> [Task instructions]:
After finding "Raupenbagger Doosan DX235DM-5" in a line below, print that line and the rest of the lines exactly, leaving out all pictures.

> [Data section]:
....

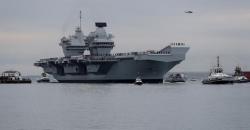 Kapal Induk Terkuat Inggris  Ini Sering Ngadat, Lebih Lama Diperbaiki daripada Berlayar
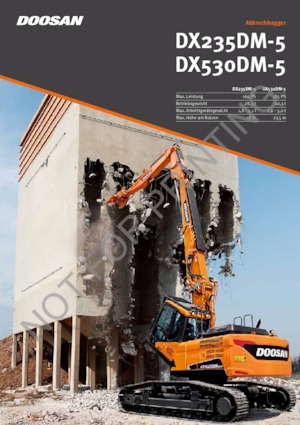 Raupenbagger Doosan DX235DM-5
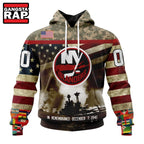 NHL New York Islanders Specialized Unisex Kits Remember Pearl Harbor Hoodie, T Shirt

....

> [Task answer]:
 Raupenbagger Doosan DX235DM-5
 NHL New York Islanders Specialized Unisex Kits Remember Pearl Harbor Hoodie, T Shirt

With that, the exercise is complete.